Possible reasons if your site is not indexed

If the index your site failed, the robot will attempt to issue a message describing the probable cause. To have our robot did not have problems with indexing your site, please read the list below basic errors that may prevent indexing.

1. Check your robots.txt file

Not correctly formatted robots.txt file can disallow your site from all crawlers, including those from search engine spiders and our robot.

Possible error - the existence of such instructions in your robots.txt:

User-agent: *
Disallow: /

If you intend to disallow the site from being indexed by search engines, but you want the robot to MySitemapGenerator crawled your site - uncheck "Follow the rules set in the robots.txt file".

2. Make sure that your pages returns a status "HTTP 200 Ok";

"HTTP 200 Ok" means a successful request for a resource. Any other response to your server will be an error.

Just our robot supports handling of server redirects 301, 302, 303 and 307.

3. Check the "Content-Type", which returns a page of your site

MySitemapGenerator searches URL only on pages that form the HTML-code, respectively, must return the header "Content-Type" with the meaning "Text/HTML".

An example of the proper header in the response, which should return a page of HTML-encoded:

Content-Type: text/html; charset=utf-8

4. The size and page load time

The robot does not limit the allowable size of scanned pages, but any page of your site must be formed within 30 seconds. Otherwise, the URL status equal to unavailable.
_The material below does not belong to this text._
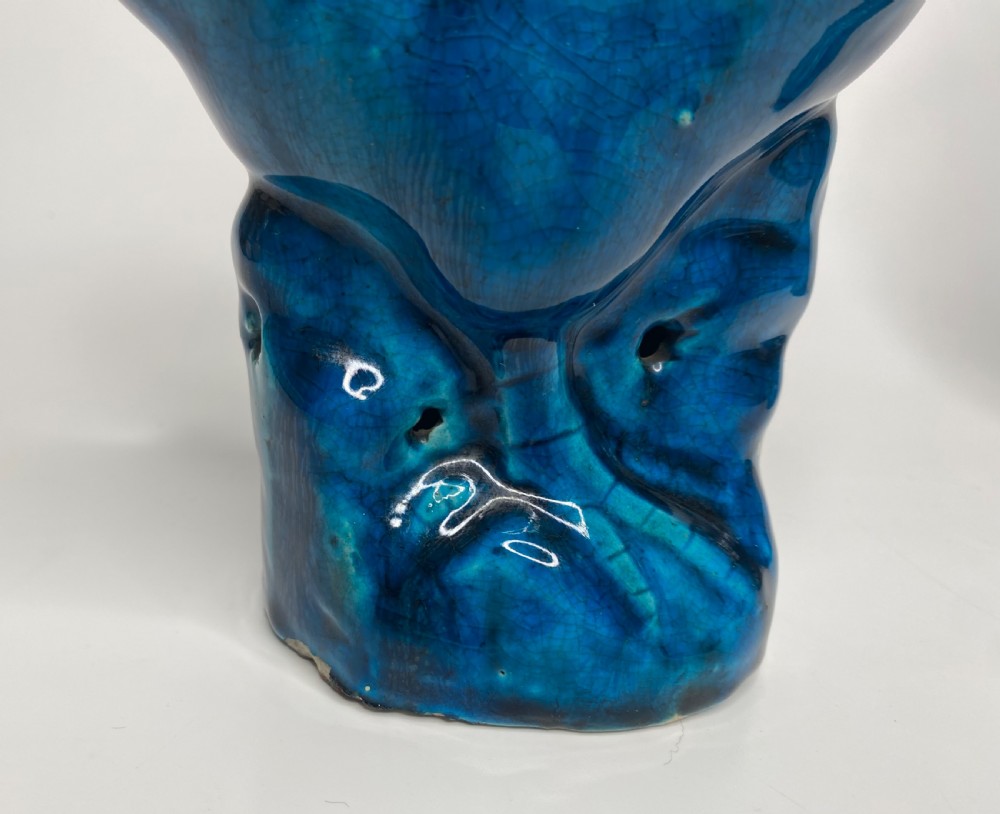 Pair Chinese porcelain cockerels, c. 1880, Qing Dynasty. View XI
5. It is important that you understand: The robot takes into account only local references in the area of the specified domain

At the same domain without the www and are considered to be a mirror. Any other sabdomeny or URL outside the domain are not counted.
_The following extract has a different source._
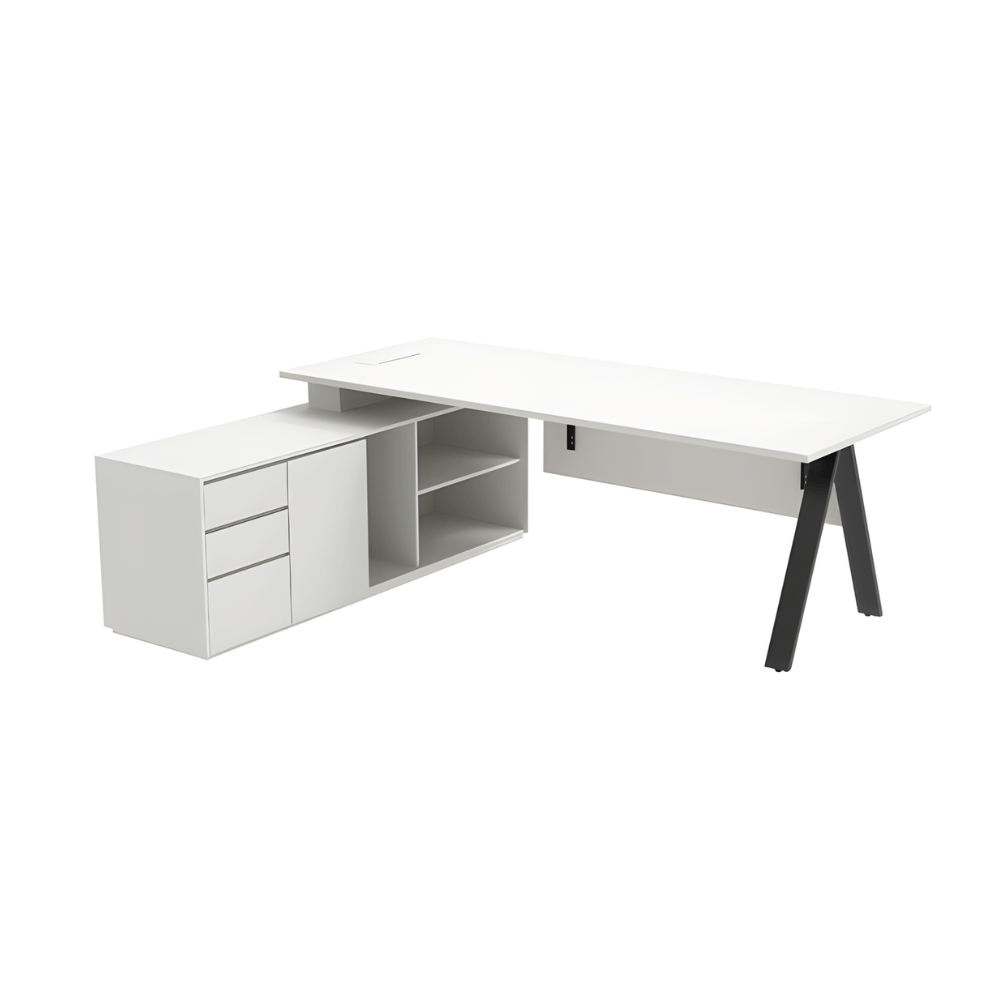 Bureau de direction Daegu à structure métal avec caisson latéral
For example, if you asked for indexing http://website.tld, then in the case of links with an absolute URL like http://www.website.tld/page, they will also be taken into account. Accordingly, if you specify the URL of the site as a robot http://www.website.tld, then the links will take into account the form http://website.tld/page. But references like http://subdomain.website.tld counted as local will not.

6. For websites that work on the CMS with embedded systems to restrict access

Please note that the indexing process, the robot sends a large number of requests to your website. Some of the CMS with appropriate settings, can block our crawler requests for reasons of safety or load on a Web server. Recommend that you remove such protection at the time indexing of your site.